しかし、ザークは悪びれる様子もなく肩をすくめた。


「別にいいじゃねえか。どうせエルもいつかは知るんだしさ。それに、あそこでマナ抜かれてるのは、大体犯罪者とか、ろくでもねぇやつらばっかだ。気にすることなんかねぇって」


「……」


俺は思わず拳を握った。


「気にすることなんかねぇ……だと?」


「そういうことだよ。だってよ、考えてみろよ? お前も見ただろ? 街の連中が奴隷をどう扱ってるか。あのクソみてぇな現実を見て、まだ『あいつらを助けたい』なんて思えんのかよ?」


ザークの言葉に、俺は口をつぐんだ。


確かに、あの街の住民たちは醜い。


奴隷を痛めつけ、貧民街の人間を見下し、何の罪悪感もなく暴力を振るう。


ヴィクトールが「この街を平和に保つため」と言ってマナを回収しているのも、それなりに理由があるのかもしれない。

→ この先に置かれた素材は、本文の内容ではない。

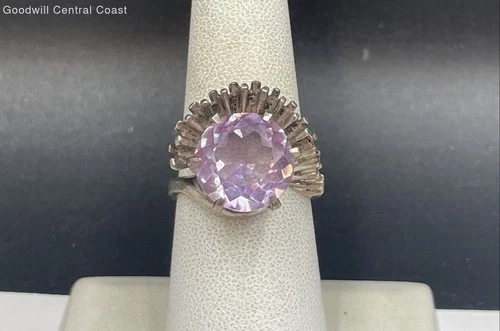 925 Gold Plated Silver Vintage Ring W/Faceted Amethyst In Floral Setting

でも、だからといって、それを肯定できるわけじゃない。


「……でも、だからって……」


俺が言葉を選んでいると、不意にエルが前に出た。


「……私、マナ……使いたい」


「え?」


エルは、戸惑いながらも真剣な表情で俺たちを見た。


「……街の人を助けるって、ずっと言ってた。だから……私のマナ、使いたい」


その言葉に、俺もザークも、そしてアークですら驚いた顔をした。


「お、おいおい。エル、それってどういう意味だ?」


ザークが目を丸くしながら問いかける。


すると、エルは少し考えた後、急に駆け出した。


そして、近くのスーパーで、両手に抱えきれないほどの食料を買い込んで戻ってきた。


「これ……貧民街に、あげたい」


「……は?」


俺もザークも目を見開いた。


まさか、こんな方法で「助ける」なんて言い出すとは思わなかった。


「お、お前マジか?」


「うん……」


エルは小さく頷いた。


その決意の強さに、俺は何も言えなくなる。


「……あー、もう! こうなったらやるしかねぇか!」


ザークが頭をかきながら笑い、俺もため息をつきながらエルの横に並んだ。


しかし、一人だけ顔を曇らせているやつがいた。


「……おい、エル。ちょっと待て」


アークが不安そうな顔でエルを見つめていた。


「……なんで?」


「……いや……」


アークは言葉を詰まらせた。


でも、エルの決意は揺るがないようだった。


「……大丈夫」


そう言って、エルはまっすぐ貧民街へ向かって歩き出した。


俺たちも、仕方なくその後を追った。


貧民街 - 食料配布後

エルの提案通り、俺たちは貧民街を歩き回りながら食料を配った。


最初は警戒していた住人たちも、エルが「食べて」と小さな声で渡すたびに表情を緩ませ、やがて感謝の言葉を口にする者も出てきた。


「お嬢ちゃん、ありがとうな……」


「久々に腹いっぱい食えそうだ……」


そんな声を聞きながら、エルは小さく微笑んだ。


その姿を見て、俺は言葉を失った。


——たぶん、エルは本当にこういうことがしたかったんだろう。


「……さて、とりあえず配り終えたな」


ザークが大きく伸びをする。


アークはずっと警戒していたが、それでも最後まで付き合ってくれた。


「ちょっと休もうか……」


俺が言うと、ザークがすぐに答えた。


「じゃあ、フィクスのバーに行こうぜ!」


「……お前、何かあるとすぐ酒場に行こうとするな」


俺は呆れながらも、エルを気遣いながらフィクスのバーへと向かった。


貧民街 - フィクスのバー

「……それで、お前らは食料を配り歩いたってわけか」


バーの奥から姿を現したフィクスは、呆れたような顔をしていた。


「……うん」


エルが小さく頷く。


その瞬間——


「ふざけるな」


バーの空気が、一気に張り詰めた。


フィクスが、エルを鋭く睨みつけていた。


「少ない飯でやりくりしている人間に、安易に食事を提供するとどうなるか考えたことはあるか?」


「……え?」


エルが戸惑う。


「お前は良かれと思ってやったんだろうがな、甘いんだよ」


フィクスの声が低くなる。


「今まで飢えを凌ぐために工夫していた奴らが、タダで飯をもらったらどうなると思う? 一度でも『もらえる』と思ったら、もう元の生活には戻れねぇ。次は『奪う』しか選択肢がなくなるんだよ」



「……っ!」


「……それとも、お前は貧民街全員を養えるだけの力でも持ってるのか?」


その言葉に、エルが息をのんだ。


「……そんな、つもりじゃ……」


「そうだろうな。でもな、そんなつもりじゃなくても、現実はそう動くんだよ」


「おい、フィクス。言い過ぎだろ」


俺が間に入ろうとするが、フィクスは微動だにしない。


「いいや、ここで甘やかしたら、こいつはまた同じことをする」


フィクスの目は、いつになく真剣だった。


俺はフィクスの言葉を飲み込むしかなかった。


エルは唇を噛みしめ、目に涙を浮かべながら俯いていた。


この世界の現実の厳しさを、彼女は改めて思い知らされたのかもしれない——。